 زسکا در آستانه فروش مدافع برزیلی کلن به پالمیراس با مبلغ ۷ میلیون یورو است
--
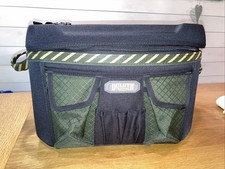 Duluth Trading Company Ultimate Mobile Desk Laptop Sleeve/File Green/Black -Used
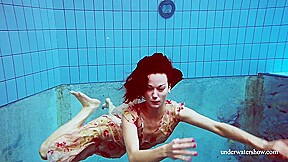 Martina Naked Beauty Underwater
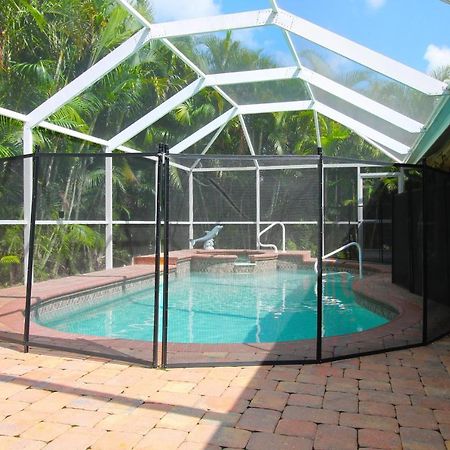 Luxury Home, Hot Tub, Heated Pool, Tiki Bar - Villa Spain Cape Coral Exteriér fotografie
* * *
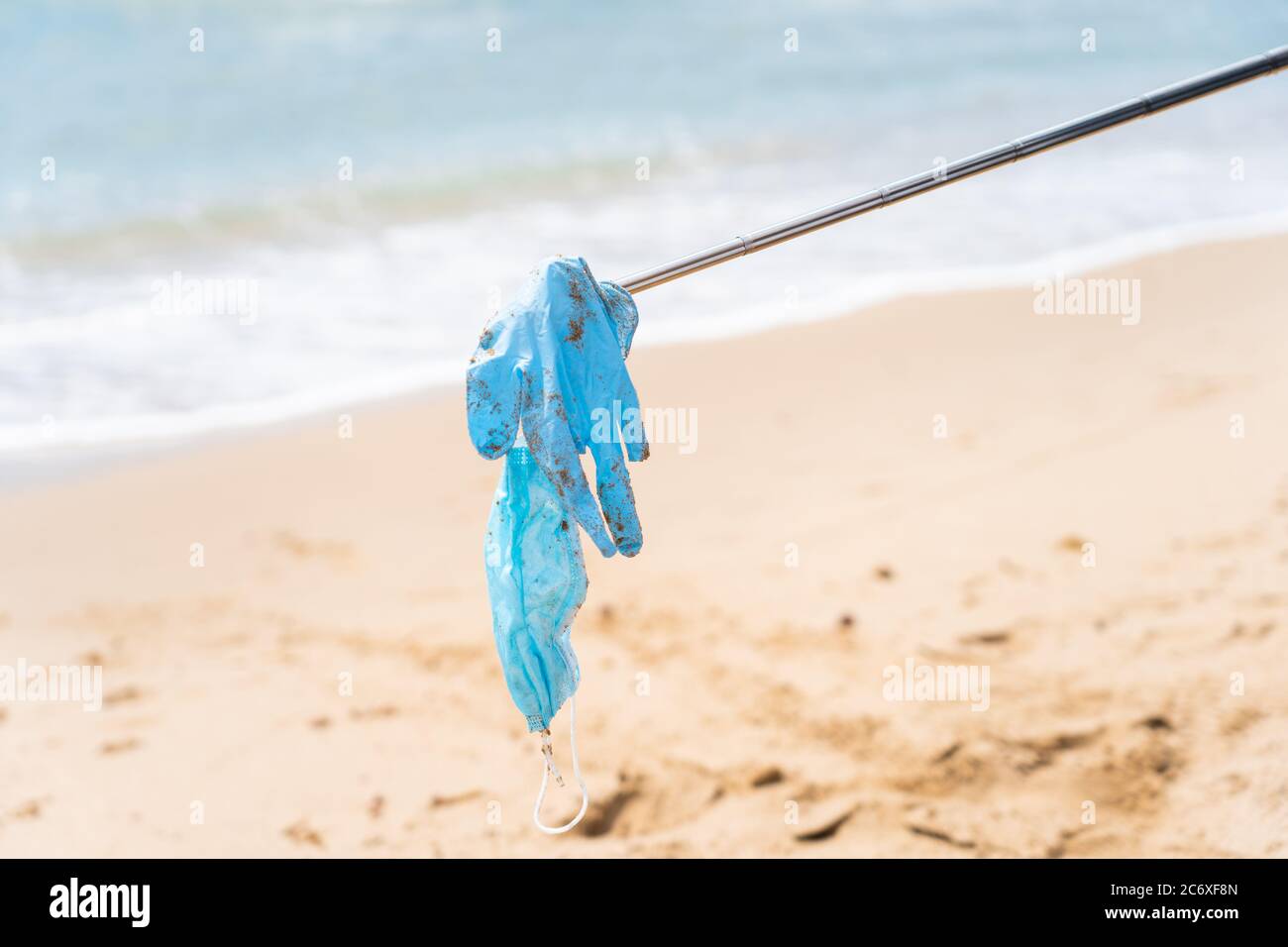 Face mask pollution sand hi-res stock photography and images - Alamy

§ ACTIVITY: Please output the lines above beginning at the line with "Martina Naked Beauty Underwater" and ending after the line with "Luxury Home, Hot", precisely as written and with no pictures.

§ REPLY TO THE EXERCISE:
 Martina Naked Beauty Underwater
 Luxury Home, Hot Tub, Heated Pool, Tiki Bar - Villa Spain Cape Coral Exteriér fotografie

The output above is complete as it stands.